Can you think of anything that will collect a crowd of children so quickly, or keep them happy so long as an organ grinder with a monkey?

The music is often very dreadful, but the monkey is very funny. His tiny wrinkled face is so comical. It looks like that of a wise little old man who has seen a lot of trouble. Like a good clown in a circus, a monkey doesn't have to do anything to make people laugh—except just be a monkey. He is so wonderfully agile, quick and clever. He mimics everything people do. He "makes faces," he dances to music; he runs up the telegraph pole, a tree or a porch pillar, and he swings from bars like a trapeze performer. He picks up pennies, stuffs them in the pocket of his absurd red jacket, and pulls off his collar-box cap for thanks.
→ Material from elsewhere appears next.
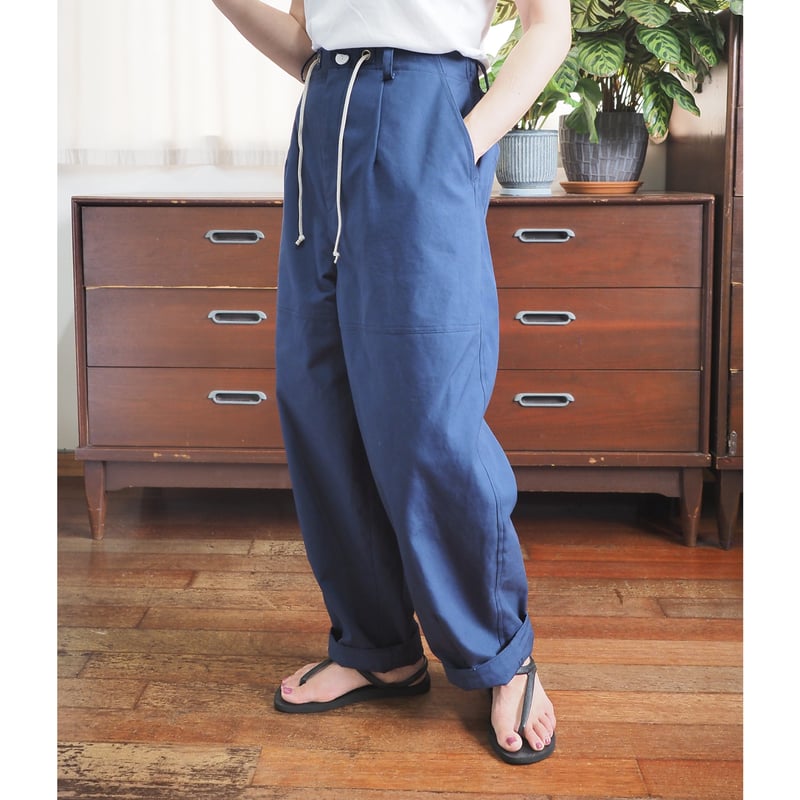 No.325pt(N) ハイウエストキャロットパンツ/ネイビー | quatre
It seems a pity that a monkey can only chatter or scream or scold, for he tries ever so hard to talk. Such a mischief he is, too. If he sees a chance he will snatch a little girl's doll or a lady's hat and tear them in pieces. He knows very well such behavior is naughty, for he scrambles out of reach of punishment, and chuckles with glee over the trick. It's easy to forgive the little rascal, for the next instant he does something engaging. He cuddles his baby, or cracks a peanut like a squirrel, turns a hand-spring for you, or slyly pulls another monkey's tail.

Just what is a monkey?

In the big cage in a menagerie or zoo, there are a dozen or more varieties of monkeys as unlike each other as a fox terrier is unlike a St. Bernard dog. Some monkeys are as small as chipmunks, and others are as large as cocker spaniels. There are monkeys with long curly tails, with straight tails, bushy tails, stub tails, and no tails at all. Some have very hairy, and others nearly naked faces. There are dog-faced and purple-faced monkeys ; monkeys with white cheeks, with turned-up. noses, with tufted ears, with whiskers, mufflers and bonnets. Most of them are black, gray or some shade of brown, from silver-fawn to seal. But there are dandified monkeys with green coats and orange vests.

Many people call all the big apes—the gorillas, chimpanzees, orang-ootans, baboons and gibbons, monkeys. But we won't do that. These huge, man-like creatures from the Old World are savage, and have to be kept separately in strong cages like other wild beasts. They are hard to catch, hard to tame, and harder to keep alive in captivity, so you will not often see one. By monkey, children always mean one of the smaller apes that can be tamed easily and led about by a string like a little dog, or kept with many others in a big room of wire netting and bars.

A monkey in captivity is happier in a cage with a number of other monkeys. "The more the merrier" is the rule in monkey land. Nearly every kind of small ape lives in a monkey village in the trees, when he is at home. There is a wise old male for a chief. He and the older males keep trespassers away from a chosen feeding place, and he leads them to a new home when they move. Early in the morning and late in the evening, seems to be play-time in a monkey town. All the monkeys leap and swing and chase each other, and "whoop and holler" as Riley says, like so many boys playing in the woods. Spoiled boys they are, too, doing a great deal of mischief by throwing down cocoanuts and other fruits and nuts, just to see them fall.